What the law requires: A Data Fiduciary (Goibibo) is responsible for ensuring that any Data Processor (the hotels or airlines they share your info with) also protects that data.
The problem: You can’t just pass the buck. If Goibibo shares your data with a hotel that has a leak, Goibibo can still be held liable for not having a proper contract in place to protect you.
Section 9 — Data Retention 🔴
How long does Goibibo keep your passport scan or travel history? They don’t really say.
What the policy says: “Goibibo will retain your Personal Information… for as long as is reasonably necessary.”
What the law requires: Once the “purpose” is served (e.g., you finished your trip), the company must erase your data unless a law requires them to keep it for taxes or audits.
The problem: “Reasonably necessary” is too vague. Under DPDP, once you delete your account or the booking is over, they need a clear timeline for hitting the “delete” button.
Section 11 — Rights of Data Principal ⚠️
The law gives you the right to see what they have on you, fix errors, and even nominate someone else to handle your data if you pass away.

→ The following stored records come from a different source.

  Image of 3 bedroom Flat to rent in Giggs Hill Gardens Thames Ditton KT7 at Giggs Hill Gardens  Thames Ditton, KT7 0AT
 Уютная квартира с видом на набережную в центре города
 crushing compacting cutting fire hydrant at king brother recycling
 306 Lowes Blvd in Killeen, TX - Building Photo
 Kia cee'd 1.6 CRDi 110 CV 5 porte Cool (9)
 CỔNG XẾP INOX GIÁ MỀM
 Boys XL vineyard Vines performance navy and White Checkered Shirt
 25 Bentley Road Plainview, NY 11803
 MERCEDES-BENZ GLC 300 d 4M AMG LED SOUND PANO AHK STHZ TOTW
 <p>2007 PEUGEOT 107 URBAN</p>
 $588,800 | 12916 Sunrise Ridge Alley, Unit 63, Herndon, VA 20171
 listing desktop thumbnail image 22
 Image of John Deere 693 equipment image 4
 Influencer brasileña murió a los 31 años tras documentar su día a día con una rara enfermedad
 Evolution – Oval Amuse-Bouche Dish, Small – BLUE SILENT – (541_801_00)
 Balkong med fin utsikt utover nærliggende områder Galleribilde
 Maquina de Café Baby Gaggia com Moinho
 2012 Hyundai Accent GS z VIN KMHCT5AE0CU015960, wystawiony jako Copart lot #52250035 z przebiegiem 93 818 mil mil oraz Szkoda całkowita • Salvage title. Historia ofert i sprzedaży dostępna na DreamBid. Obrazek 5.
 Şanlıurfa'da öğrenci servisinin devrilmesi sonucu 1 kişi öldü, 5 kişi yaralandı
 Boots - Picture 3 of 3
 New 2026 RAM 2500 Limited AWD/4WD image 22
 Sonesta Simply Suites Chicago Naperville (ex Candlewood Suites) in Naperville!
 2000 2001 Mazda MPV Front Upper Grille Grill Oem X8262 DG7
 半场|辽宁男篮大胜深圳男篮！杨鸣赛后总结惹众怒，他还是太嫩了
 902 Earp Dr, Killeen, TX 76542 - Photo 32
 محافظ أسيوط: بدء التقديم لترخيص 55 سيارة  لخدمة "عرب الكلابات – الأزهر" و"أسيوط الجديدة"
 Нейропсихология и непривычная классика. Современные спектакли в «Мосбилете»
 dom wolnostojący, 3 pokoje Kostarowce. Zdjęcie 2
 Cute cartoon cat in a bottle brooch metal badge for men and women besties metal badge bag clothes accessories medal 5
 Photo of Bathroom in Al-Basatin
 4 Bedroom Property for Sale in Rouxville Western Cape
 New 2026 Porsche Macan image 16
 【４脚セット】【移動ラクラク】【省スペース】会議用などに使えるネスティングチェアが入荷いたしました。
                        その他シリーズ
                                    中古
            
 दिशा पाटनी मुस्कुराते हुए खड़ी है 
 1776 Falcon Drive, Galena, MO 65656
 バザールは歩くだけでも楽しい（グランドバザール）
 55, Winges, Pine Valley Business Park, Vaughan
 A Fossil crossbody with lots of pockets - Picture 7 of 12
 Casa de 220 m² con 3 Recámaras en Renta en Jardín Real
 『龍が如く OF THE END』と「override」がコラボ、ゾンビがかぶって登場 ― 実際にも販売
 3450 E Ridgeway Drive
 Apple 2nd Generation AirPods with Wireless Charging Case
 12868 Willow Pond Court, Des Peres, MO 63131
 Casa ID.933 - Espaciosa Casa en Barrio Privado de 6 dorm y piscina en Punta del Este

What the policy says: They provide a link to delete your account and an email to withdraw consent.
The problem: They are missing the new Right to Nominate (Section 14). They also don’t clearly explain how a user can get a summary of all their data that Goibibo has shared with dozens of third-party “partners.”
Section 12 — Right of Grievance Redressal ⚠️
What the policy says: They provide an email address (privacy@go-mmt.com) for complaints.
What the law requires: You must have a way to complain to the company, but if they don’t solve it, you have a right to go to the Data Protection Board of India.
The problem: Goibibo’s policy doesn’t mention the Board or the steps to take if their internal support team ignores your privacy concerns.
Section 16 — Cross-Border Data Transfer ⚠️
What the policy says: “Data… shall be primarily processed in India and such other jurisdictions where a third party… may process the data.”
The problem: The DPDP Act says the government can “black-list” certain countries where data cannot be sent. Goibibo’s policy is too broad. They need to be specific about where your data goes and ensure those countries have decent protections.
Risk Assessment
| Category | Risk Level | Potential Impact |
|---|---|---|
| Consent Validity | 🔴 High | Using “implied consent” could lead to massive fines. |
| Data Selling | 🔴 High | Claiming data ownership is a direct violation of DPDP principles. |
| Partner Liability | ⚠️ Medium | Disclaiming liability for partners doesn’t hold up under Section 8. |
| Deletion Policy | 🔴 High | Keeping data indefinitely is now a punishable offense. |
Recommendations for Goibibo (and your business)
- Stop “Browse-Wrap” Consent: Use a clear pop-up that asks users to “Accept” the privacy policy before they create an account.
- Separate the Toggles: Let users agree to “Flight Booking” but opt-out of “Selling my data to partners.”
- Update the “Property” Language: Remove claims that user data is the company’s property. In the DPDP era, you are the Data Principal (the owner).
- Specific Retention: Tell users exactly when data is deleted (e.g., “Transaction logs are kept for 7 years for tax, but your search history is deleted after 180 days”).
- Mention the Board: Update the grievance section to include the Data Protection Board as the final authority.